Up to and including the line that holds "H073 Bling 925", print the data exactly from its first line; do not print the pictures.
○ ○ ○
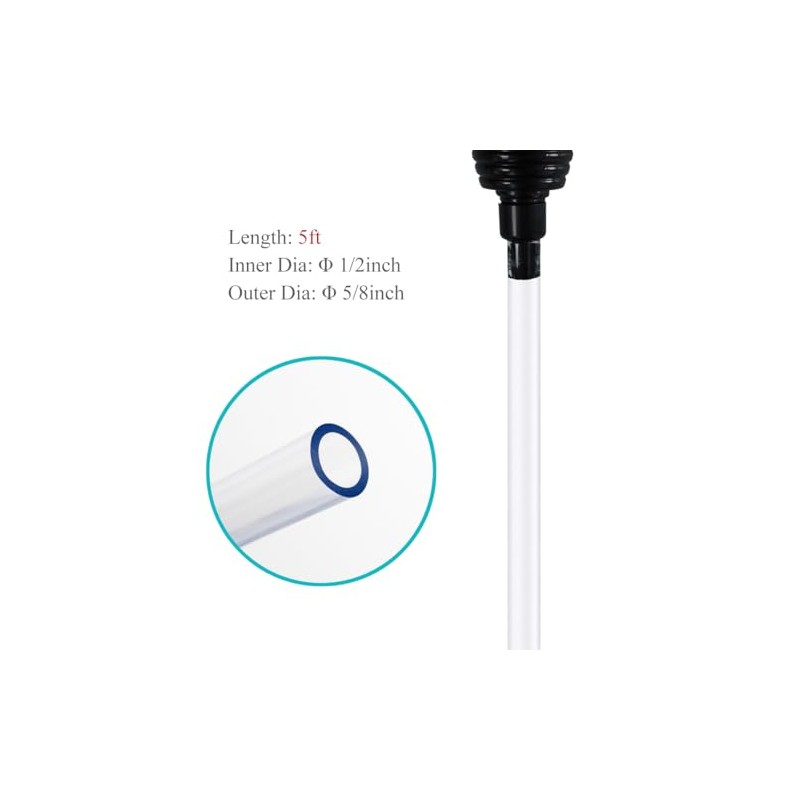 Laifoo 5ft-S Aquarium Siphon Vacuum Cleaner for Fish Tank Cleaning
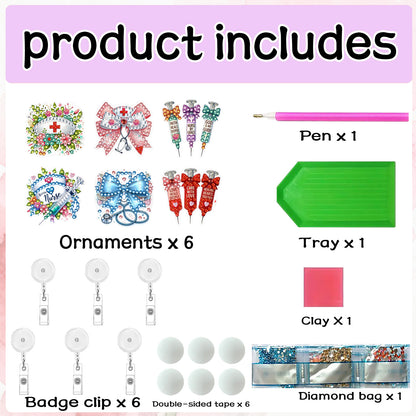 Easter 6Pcs DIY Diamond Painting ID Holder with Clip Rhinestone Nurse Badge Reel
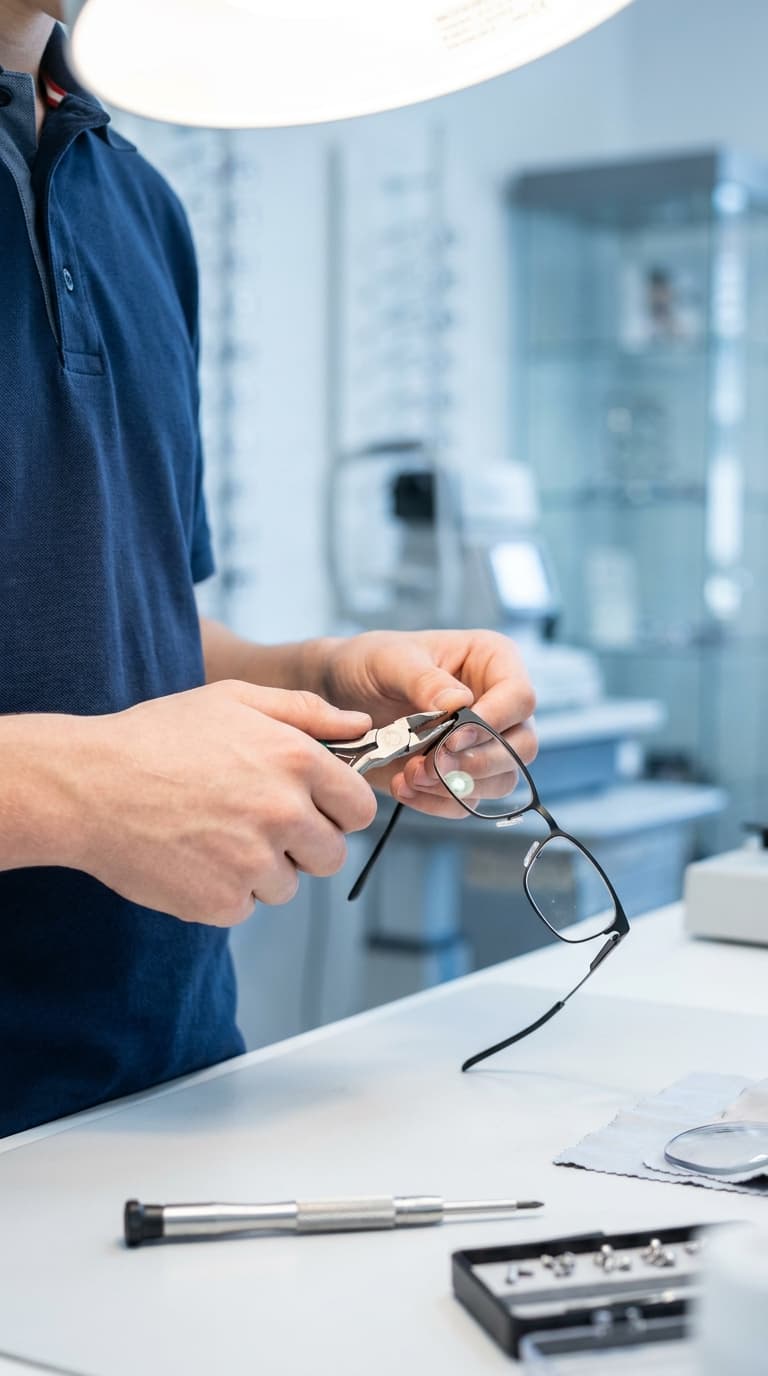 Ein Optiker repariert das Gestell einer Brille mit einer Zange an einem hellen Arbeitstisch.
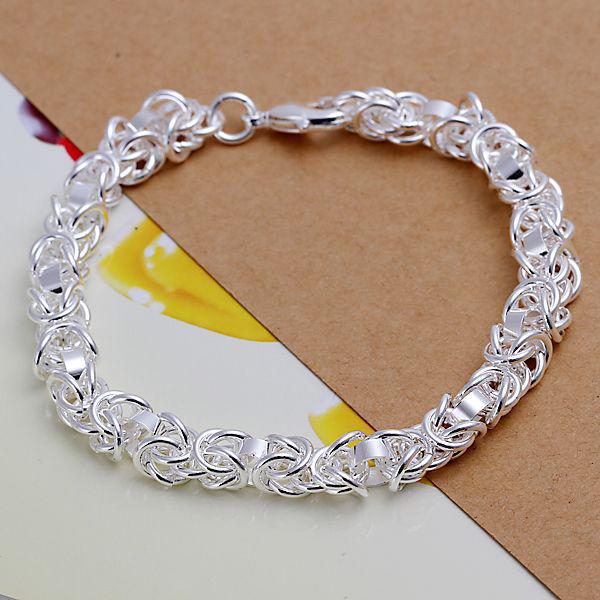 H073 Bling 925 Silver Charms Knot Chain Bracelet , Nickle Free Antiallergic Jewelry Factory Prices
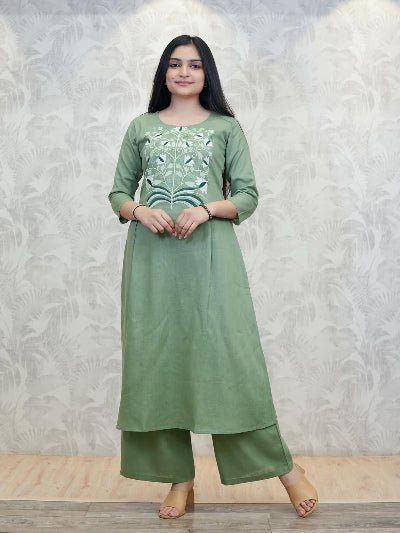 Elegant Mint Green Cotton Printed Kurti Pant Set Of 2 - BONYHUBSALWAR KAMEEZ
○ ○ ○
▸ **Result of this exercise**
 Laifoo 5ft-S Aquarium Siphon Vacuum Cleaner for Fish Tank Cleaning
 Easter 6Pcs DIY Diamond Painting ID Holder with Clip Rhinestone Nurse Badge Reel
 Ein Optiker repariert das Gestell einer Brille mit einer Zange an einem hellen Arbeitstisch.
 H073 Bling 925 Silver Charms Knot Chain Bracelet , Nickle Free Antiallergic Jewelry Factory Prices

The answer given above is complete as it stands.